As a male submissive, I’ve noticed that there seems to be an unfavourable ratio of dommes to subs. Why are there so many more submissive men and so few dominant women? What effects do you think that this has overall?
The Ratio of Dommes to Subs
I think that there is a huge disconnect going on here that leads to an illusion of an unfavourable ratio of dommes to subs. It’s a number of factors that come together to create this misconception, from inaccurate labelling to different approaches to meeting people.
For me, one of the big problems is that there are a lot of men out there who say they are submissive, but don’t actually want to give up any power or authority. A well known dominant woman on Fetlife, recognizable by her avatar of fuzzy bunny slippers and no-nonsense approach to things, coined the term “submission fetishist” which I think is a good one.
Submission Fetishists
A submission fetishist is a person who enjoys the actions that they view as submissive, but often want them done in a specific way, following a certain order by a woman dressed in a particular way, etc. She has to say the right lines at the right time, and basically indulge the “submissive’s” fantasy without regard to her own desires. There is often an insistence that this is the “true” way of femdom, and that anyone who does things differently is a fake.
You will notice in the above scenario, the “submissive” isn’t giving up any power and that the fantasy revolves around SM and other play activities. While there isn’t anything wrong with having fantasies or wanting to have them fulfilled, the person in question would be much further ahead to call themselves a bottom.
In calling oneself a bottom, instead of a submissive, it indicates a play role more than a power exchange role. Dommes who are looking for a power exchange relationship will know that they are not compatible. Accuracy in labels is important for getting what you want – since labels open the door to a more in-depth conversation about wants and needs. However, without any agreed-upon definitions of the various labels in BDSM, it there can be issues in communication.
Fake Dommes?
Adding to the perceived imbalance in the ratio of dommes to subs, those same men, the bottoms, will often declare a domme ‘fake’ if she doesn’t cater to his fantasies. The fake label can also be applied to women who aren’t immediately bitchy and demanding or just aren’t bitchy at all. Again, it’s the porn stereotype that doesn’t really translate into real life.
The idea that there is a skewed ratio of dommes to subs also stems from where people are looking. If you are online, there can seem to be an overwhelming number of male submissives. Some of this is down to the labelling issue, but there is more to it than that.
Online Spaces are Male-Dominated
Online spaces tend to be male dominated, to begin with, and are generally not safe spaces for women. This is amplified when you’re talking about a sexually charged space, like Fetlife and other BDSM websites. When you look at kink websites, there is a larger number of men of every orientation. Male dominants seem to outnumber female subs (and M/f is by far the largest demographic on these sites).

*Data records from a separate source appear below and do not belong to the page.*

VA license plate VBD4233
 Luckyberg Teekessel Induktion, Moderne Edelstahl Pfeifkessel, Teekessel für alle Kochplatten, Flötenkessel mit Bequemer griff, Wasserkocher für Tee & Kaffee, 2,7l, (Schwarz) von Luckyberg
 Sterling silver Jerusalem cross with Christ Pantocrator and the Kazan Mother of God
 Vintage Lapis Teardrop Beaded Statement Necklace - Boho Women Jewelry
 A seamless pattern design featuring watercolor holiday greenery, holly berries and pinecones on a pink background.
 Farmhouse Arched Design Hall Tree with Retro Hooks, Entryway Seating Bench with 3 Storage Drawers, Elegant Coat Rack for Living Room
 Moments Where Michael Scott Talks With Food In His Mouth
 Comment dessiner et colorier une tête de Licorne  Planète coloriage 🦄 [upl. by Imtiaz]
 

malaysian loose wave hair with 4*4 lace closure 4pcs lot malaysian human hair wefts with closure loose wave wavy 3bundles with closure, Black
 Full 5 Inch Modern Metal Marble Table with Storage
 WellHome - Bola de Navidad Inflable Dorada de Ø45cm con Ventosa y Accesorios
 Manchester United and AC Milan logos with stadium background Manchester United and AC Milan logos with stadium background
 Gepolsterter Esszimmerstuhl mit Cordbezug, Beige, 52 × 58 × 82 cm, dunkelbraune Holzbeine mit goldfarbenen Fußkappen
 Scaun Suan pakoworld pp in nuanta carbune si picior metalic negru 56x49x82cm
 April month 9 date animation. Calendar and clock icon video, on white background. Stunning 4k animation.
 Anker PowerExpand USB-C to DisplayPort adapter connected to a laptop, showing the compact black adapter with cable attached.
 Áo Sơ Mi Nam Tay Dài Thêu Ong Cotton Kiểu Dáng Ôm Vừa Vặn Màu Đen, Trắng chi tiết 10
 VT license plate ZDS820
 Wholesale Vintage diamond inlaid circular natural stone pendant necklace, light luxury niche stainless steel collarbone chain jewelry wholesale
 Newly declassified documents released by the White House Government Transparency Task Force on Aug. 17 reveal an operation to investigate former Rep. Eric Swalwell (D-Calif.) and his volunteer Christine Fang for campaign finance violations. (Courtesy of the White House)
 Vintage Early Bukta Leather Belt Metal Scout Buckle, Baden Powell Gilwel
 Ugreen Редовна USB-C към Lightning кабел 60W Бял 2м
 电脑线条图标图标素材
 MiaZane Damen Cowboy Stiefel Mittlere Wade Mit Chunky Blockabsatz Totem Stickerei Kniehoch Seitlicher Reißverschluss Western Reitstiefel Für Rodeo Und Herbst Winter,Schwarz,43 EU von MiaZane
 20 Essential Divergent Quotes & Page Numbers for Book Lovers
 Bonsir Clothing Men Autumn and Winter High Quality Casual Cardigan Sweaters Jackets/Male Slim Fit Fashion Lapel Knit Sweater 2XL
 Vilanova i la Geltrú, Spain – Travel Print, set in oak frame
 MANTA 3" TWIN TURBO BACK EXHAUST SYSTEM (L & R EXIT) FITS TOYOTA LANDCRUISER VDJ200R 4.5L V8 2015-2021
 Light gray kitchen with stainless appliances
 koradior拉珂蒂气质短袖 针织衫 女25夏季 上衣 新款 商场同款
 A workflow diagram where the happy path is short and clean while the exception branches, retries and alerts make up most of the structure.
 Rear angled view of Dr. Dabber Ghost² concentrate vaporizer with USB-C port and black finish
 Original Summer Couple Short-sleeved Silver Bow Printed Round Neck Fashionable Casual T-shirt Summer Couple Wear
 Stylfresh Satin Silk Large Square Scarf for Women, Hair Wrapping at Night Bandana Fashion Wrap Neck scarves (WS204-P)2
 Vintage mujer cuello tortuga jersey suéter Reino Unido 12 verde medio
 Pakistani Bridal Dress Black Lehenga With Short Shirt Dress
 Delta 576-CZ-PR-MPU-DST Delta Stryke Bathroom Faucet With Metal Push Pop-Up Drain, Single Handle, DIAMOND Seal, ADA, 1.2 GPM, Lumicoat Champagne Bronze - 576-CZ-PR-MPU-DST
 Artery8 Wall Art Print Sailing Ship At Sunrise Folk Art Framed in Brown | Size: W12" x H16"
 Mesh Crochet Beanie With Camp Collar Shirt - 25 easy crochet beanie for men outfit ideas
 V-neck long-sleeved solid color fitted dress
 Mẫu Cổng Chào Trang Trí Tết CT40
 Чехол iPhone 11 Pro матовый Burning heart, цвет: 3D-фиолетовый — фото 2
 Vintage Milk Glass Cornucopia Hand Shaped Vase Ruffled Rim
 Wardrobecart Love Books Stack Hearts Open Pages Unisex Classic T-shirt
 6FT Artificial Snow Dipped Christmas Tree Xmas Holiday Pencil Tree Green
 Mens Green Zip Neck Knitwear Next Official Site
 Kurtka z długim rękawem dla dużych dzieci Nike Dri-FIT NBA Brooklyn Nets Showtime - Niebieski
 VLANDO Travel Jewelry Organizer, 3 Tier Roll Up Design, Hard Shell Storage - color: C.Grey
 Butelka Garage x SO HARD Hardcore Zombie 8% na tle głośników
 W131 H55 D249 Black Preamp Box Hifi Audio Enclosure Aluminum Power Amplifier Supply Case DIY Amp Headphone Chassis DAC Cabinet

Dominant women complain about being inundated with crass private messages, crude comments on photos and general harassment from many male submissives, with younger, more conventionally attractive dommes getting the worst of it. Keep in mind that these same dommes may also be fielding private messages from male dominants doubting their orientation and demanding submission. In response to this hostile environment, many female dominants have changed their orientation label to something more neutral or left these sites altogether. This creates an artificial shortage and creates the appearance of a low ratio of dommes to subs.
Many others prefer to lay low, finding that the messages and other unwanted attention get worse when they are visibly active on the site. It’s common for women to remove gender entirely from their profile and use an avatar of a pet, scenery or object, to deflect the worst of things. It seems that the more feminine your avatar, whether it’s sexually suggestive or not, the more negative attention you will get.
Few Submissive Men at Munches or Parties
Of course, once you get out into the ‘real world’ or meatspace, you will see an entirely different picture. Male submissives are a rare sight at munches or kink parties, while female dominants are more prevalent. Many do prefer to stick to femdom only events, again because of mistreatment or prejudice from the M/f crowd.
Many submissive men claim that they are shy, so they don’t want to attend public events. Many insist that they can not go without having a date – even to non-play oriented events like munches. Some simply baulk at the idea of having to make an effort to meet people, wondering why they can’t just chat online indefinitely.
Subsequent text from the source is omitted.